Output each line of the listing exactly, though pictures are not to appear.

#### DATA SECTION:
= Beginning of Section =
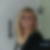 Profilbild von Annemarie Schmit-Bieniek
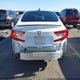 1HGCV1F3XNA118887 2022 Honda Accord Sport auction photo thumbnail 18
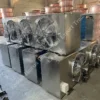 Axial Flow Fan, 380V, 220V - view 5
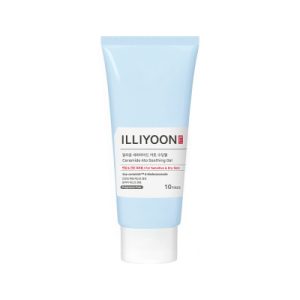 Illiyoon Ceramide Ato Soothing Gel – Festiva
= End of Section =
#### FINISHED TASK:
 Profilbild von Annemarie Schmit-Bieniek
 1HGCV1F3XNA118887 2022 Honda Accord Sport auction photo thumbnail 18
 Axial Flow Fan, 380V, 220V - view 5
 Illiyoon Ceramide Ato Soothing Gel – Festiva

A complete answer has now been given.